Prospect
The Rev'd Robert Warren.                                                                 
Luke 24:36b-48

"...repentance and forgiveness of sins is to be proclaimed in his name to all nations, beginning from Jerusalem. You are witnesses of these things."


My Sunday School teachers made much of the Great Commission (and related pronouncements of Jesus) to "go forth" into the world.  This was the late sixties in Western Canada and elements of the Anglican Church of Canada (and other mainline denominations) had begun to set aside old colonialist ideas that our task was to civilize and westernize foreign societies.  One sensed rejoicing that God was present in the lives of African and Asian Christians as African and Asian people and not merely copies of a dominant culture from the West.  The Spirit of God was abroad in the world.  The parishes which my parents attended made much of this and I can still remember being told (and shown) how my link with the lives of Christians in other places was as important as my link to those of my own clan and nation.

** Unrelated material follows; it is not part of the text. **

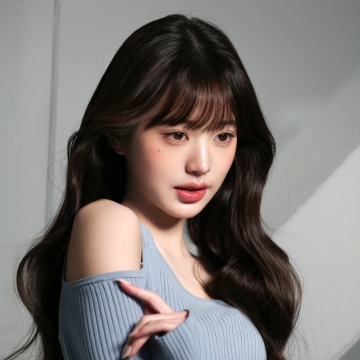 Jang Wonyoung, Vogue Korea, 5K, Beautiful singer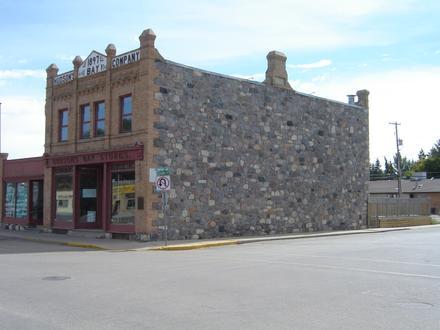 Image of Fort Qu'Appelle Image of Fort Qu'Appelle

As Jesus opens the minds and hearts of his disciples in the period of time which follows his Resurrection he says two things:  First of all, the preaching of repentance and forgiveness of sins is to begin from home in Jerusalem and with the skills that they have presently at hand - from that place where the disciples find themselves on that very day.  Their own experience of the risen Christ will be sufficient as subject matter.   Even with the help of the Holy Spirit it will be the words of fishermen and small-scale artisans from the Galilee which will carry the message to the ends of the earth.  Secondly, however, that local attachment will have its day.  It is only provisional.  It will, and must be, superseded.  Christians belong to the world of the Kingdom more than they belong to their own nation, kin, language and social network.  It only begins at home.  It ends up elsewhere.

Our young people experienced some of this last Spring at Youth Across Europe as they mingled with members of Episcopal Churches in Italy, Switzerland and Germany who live and study in more than one language and who are gathered into parishes and youth groups in their place of residence as our young people are in theirs.  These opportunities to mingle with other young Christians on an international level may be the lever which opens the door on a faith which has oftentimes been associated with parents and grandparents and with what is, perhaps, almost too well known.  Jesus would open the world to us - to our churches - to our children.  He who has ears to hear - let him hear.